It’s unlikely that any adult in Texas can’t tell you when federal income tax forms are due: April 15 is a date that is etched on the minds of most workers and business owners. But what happens if you fail to file a return by the appropriate date? According to the Internal Revenue Service, delinquent or missing tax returns can spark a full investigation.
The IRS reportedly flags random returns for review, and agents are also assigned random tax accounts for compliance checks. During the course of either review, agents are supposed to pull up historical records regarding the tax payer or business via IRS databases. If the agent determines that returns are missing, then further investigation is warranted.
According to IRS procedures, agents are supposed to attempt to make a determination about whether a failure to file appropriate returns was willful or represented potential fraud. In those cases, the agent discusses the matter with a Fraud Technical Advisor, and the matter is turned over to a criminal investigation unit if the FTA deems fraud may be involved.

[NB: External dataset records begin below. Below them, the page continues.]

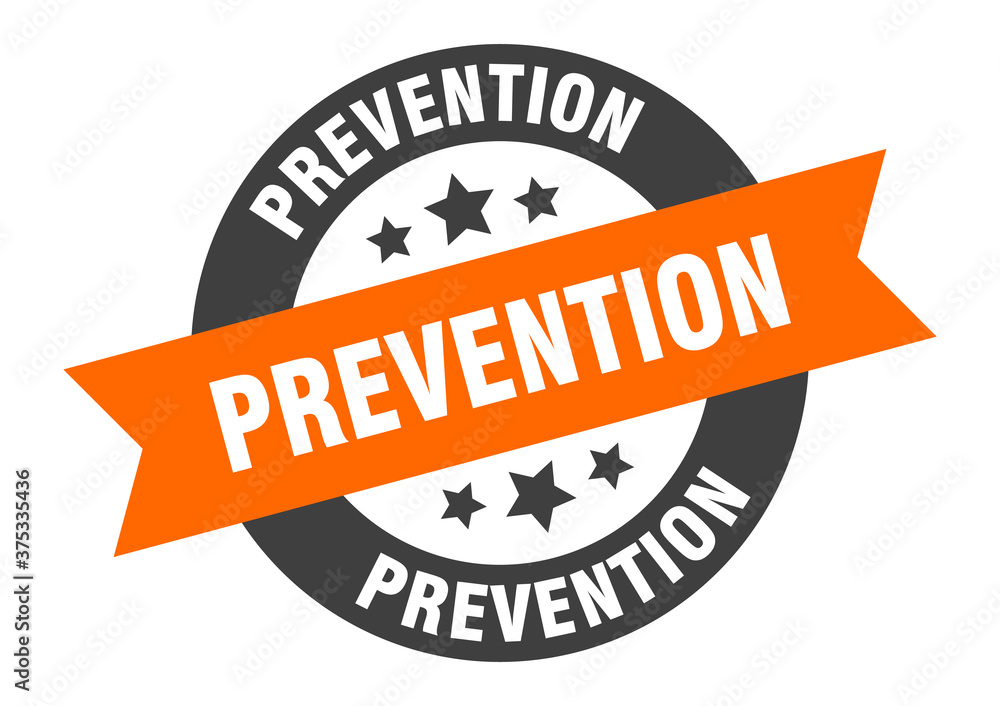 Fototapeta premium prevention sign. round ribbon sticker. isolated tag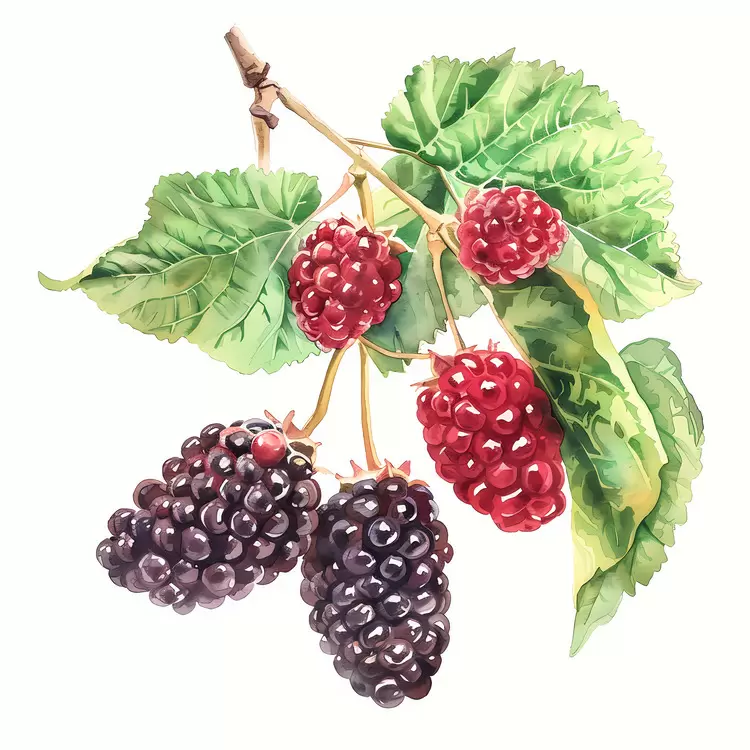 Ripe berries Juicy Hanging branches Blackberries Summer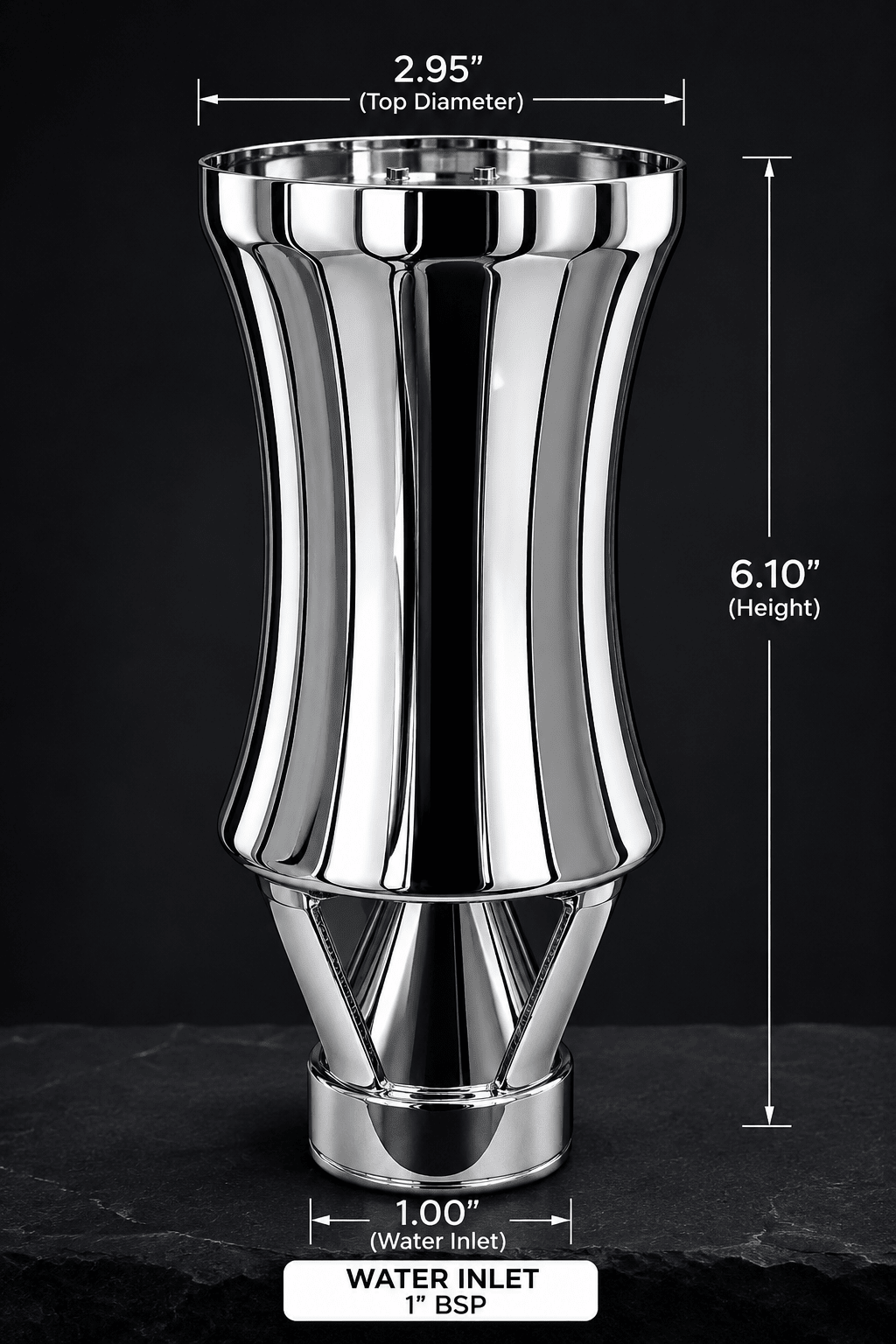 SteelArtCraft Cup Fountain Nozzle – 0.75" & 1" Inlet | Stainless Steel Water Fountain Nozzle - STEEL ART CRAFT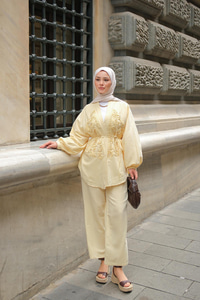 Boncuk Detay Kimono Takım Sarı
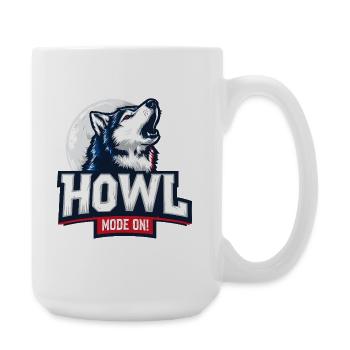 Howl Mode On – Husky Design mit Mond - Große Tasse 440 ml - Weiß - Rechts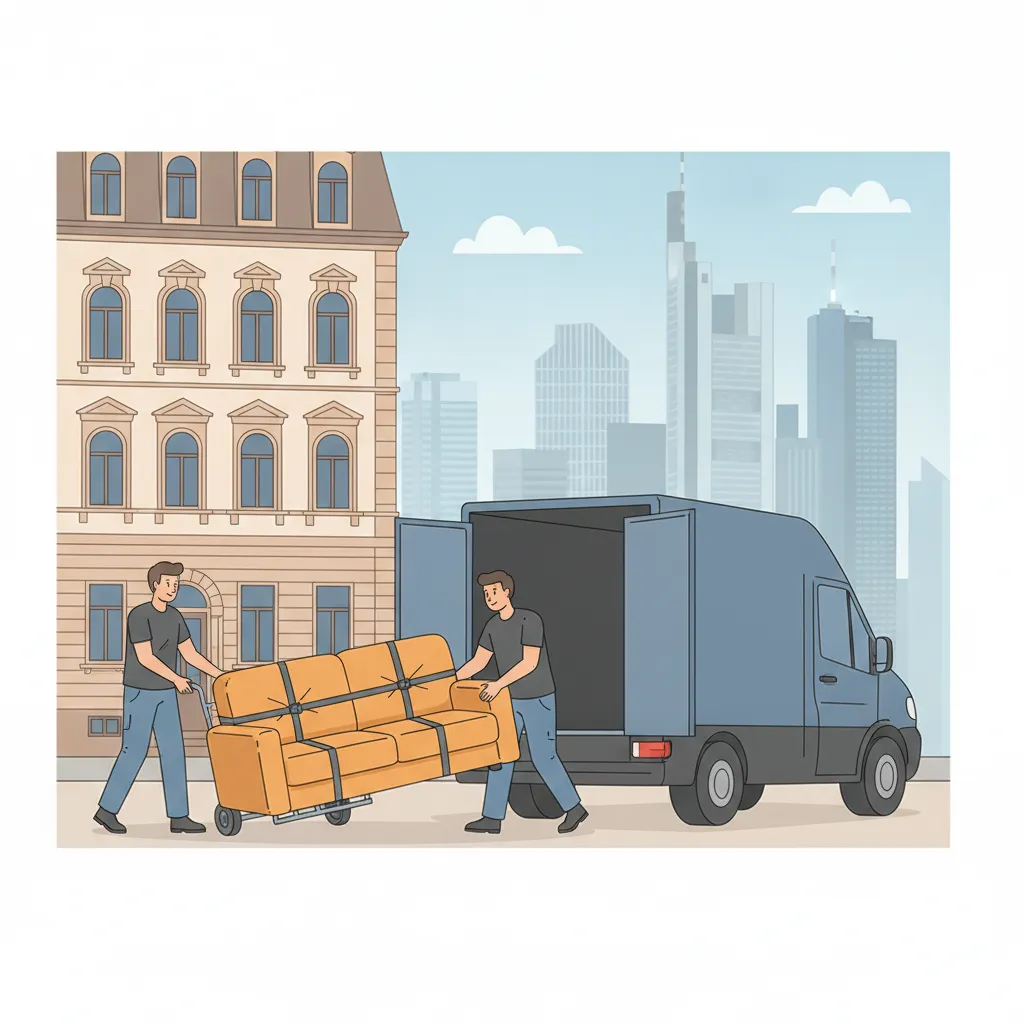 Comic-Illustration: zwei Träger schieben ein in Decken gepacktes Sofa auf einer Sackkarre zum Kastenwagen vor einem Frankfurter Gründerzeit-Altbau im Nordend, im Hintergrund die Hochhaus-Skyline von Mainhattan – Kleintransport in Frankfurt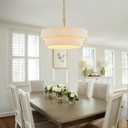 20Hand Woven Rattan Chandelier Boho Pendant Light Adjustable Coastal Pendant Light for Kitchen Island Dining Living Room, White, UL Listed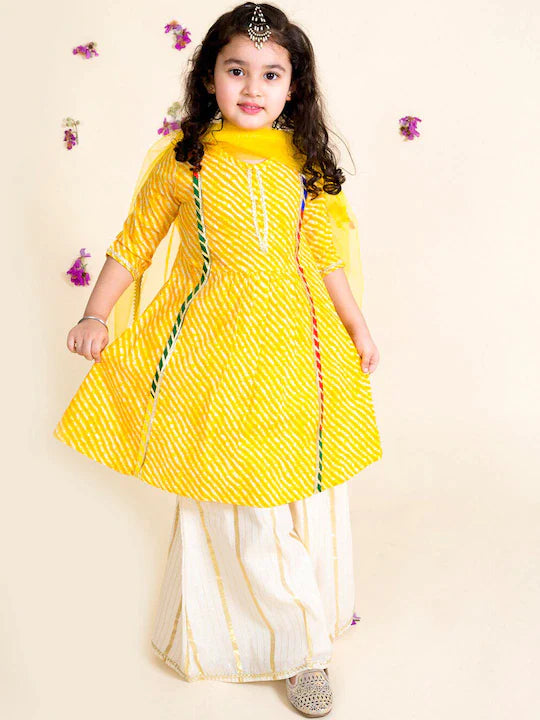 Girls Yellow Leheriya Pure Cotton Kurta With Palazzos With Dupatta - Mini Marvels - Distacart
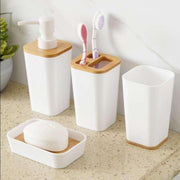 Smart Basics 4-Piece Bamboo & Polyresin Bathroom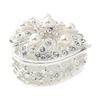 Heart Shape Rings Earring Storage Container With Gemstones And Pearls Decoration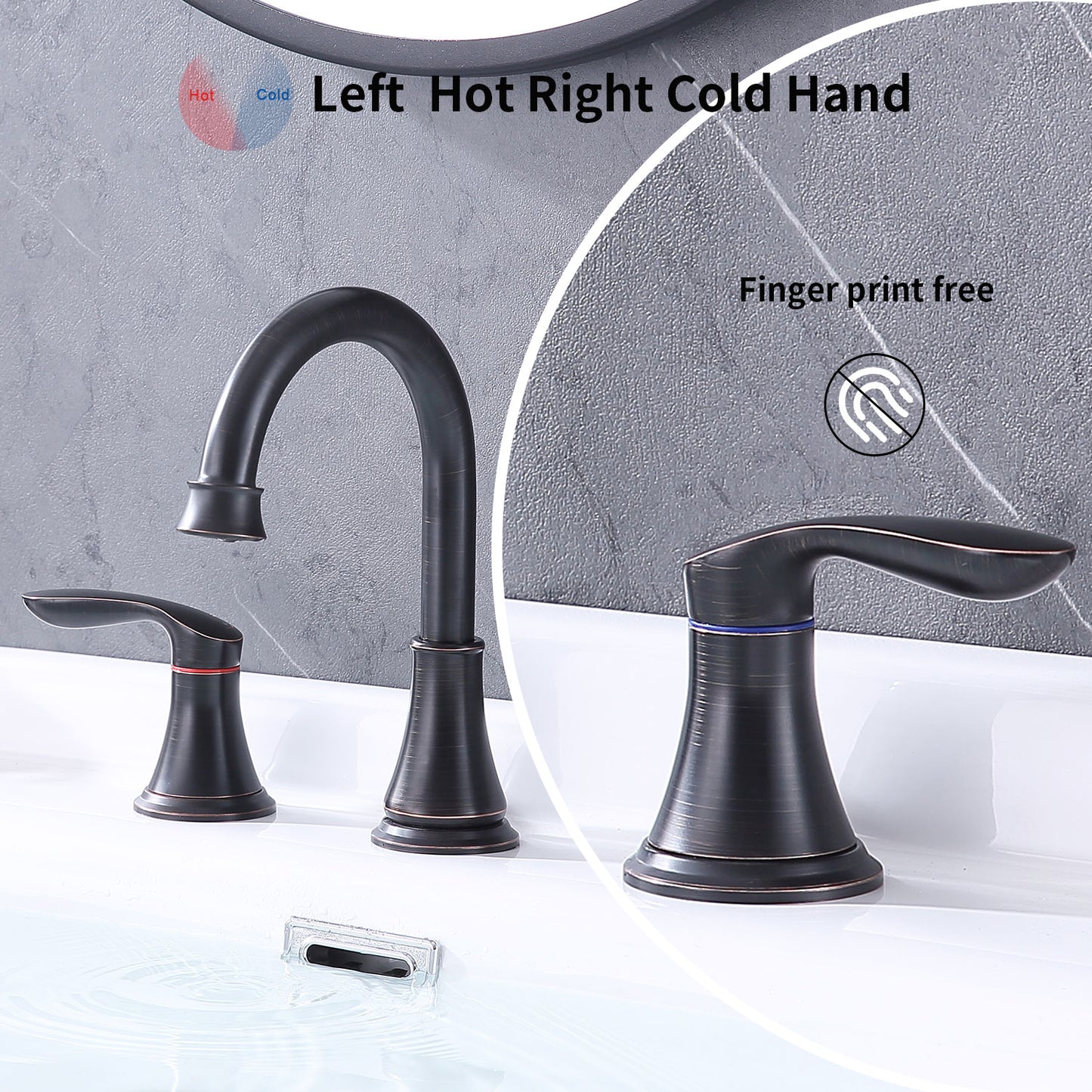 GELE 2-Handle 8 inch Widespread Bathroom Sink Faucet ‎Oil-Rubbed Bronze Lavatory Faucet 3 Hole 360° Swivel Spout Vanity Sink Basin Faucets with Pop Up Drain Assembly and cUPC Water Supply Hoses 3008B-ORB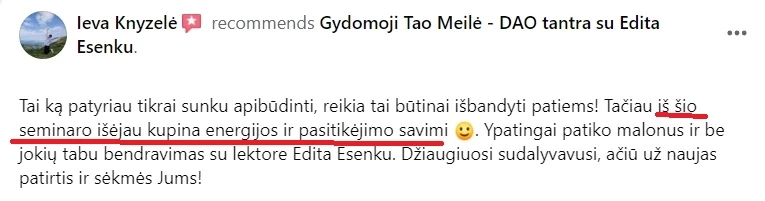 atsiliepimai ir istorijos, menstraucijos, stovykla, stovyklos, atsiliepimas, kipro stovykla, tao meiles stovykla, tao meile, menstraucijos, energija, kunas, energijos judejimas kune, edita esenku, edita, esenku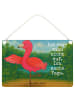Mr. & Mrs. Panda Holzplakette Flamingo Yoga Design mit Spruch in Weiß
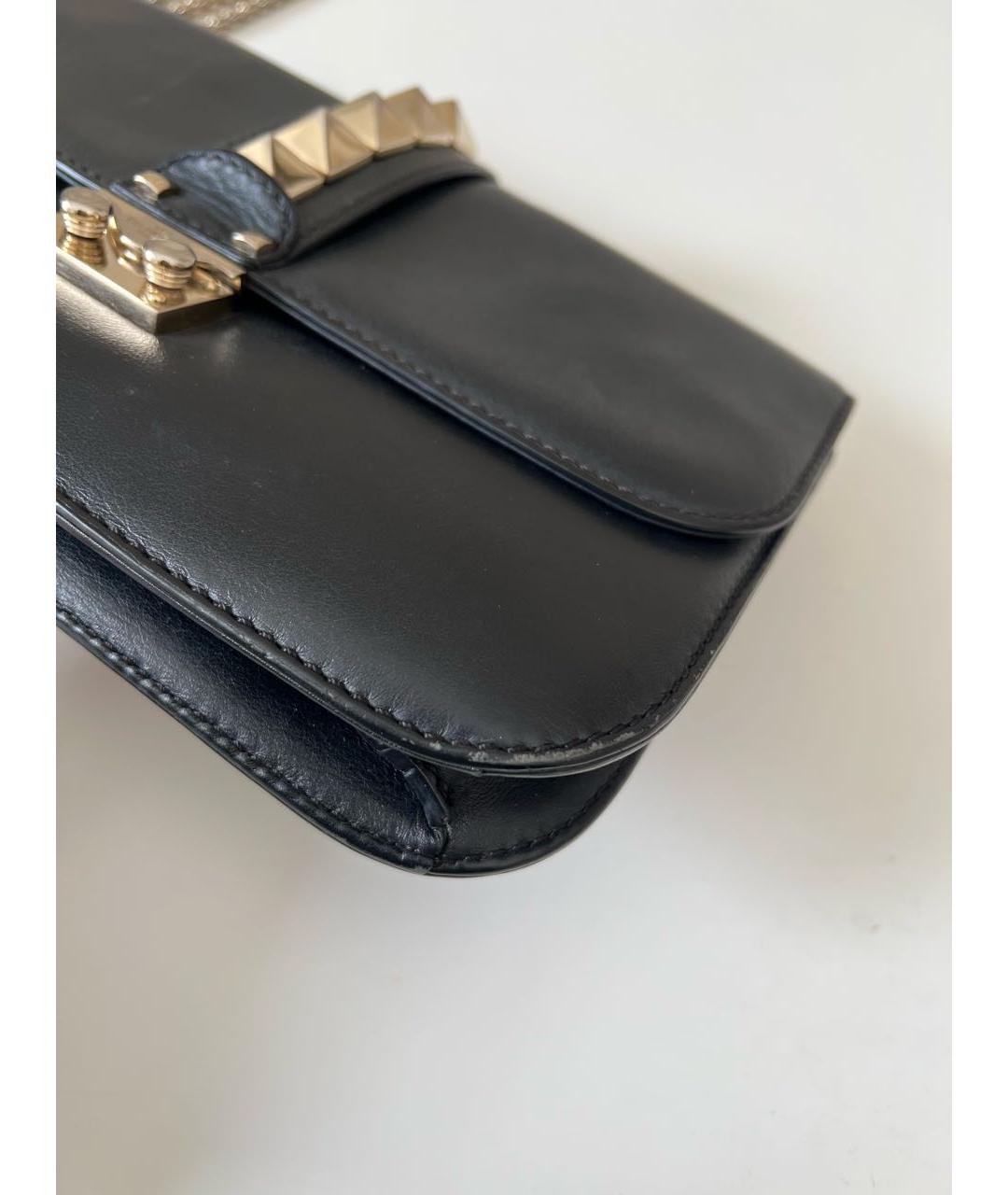 VALENTINO Черная кожаная сумка через плечо, фото 3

If fraud is not thought to exist in the case, then agents notify the tax payer or business regarding the delinquencies, and the tax payer must file all appropriate returns at that time. Even if returns are years out of date, they must be filed, which can result in enormous penalties and interest accruing on top of the original tax bill.
The IRS does work with tax payers in such situations and relief can come in the form of negotiation of an offer in compromise or other tax payment structures. Understanding all options and working with a third-party who understands how to deal with the IRS may make the process easier and less stressful.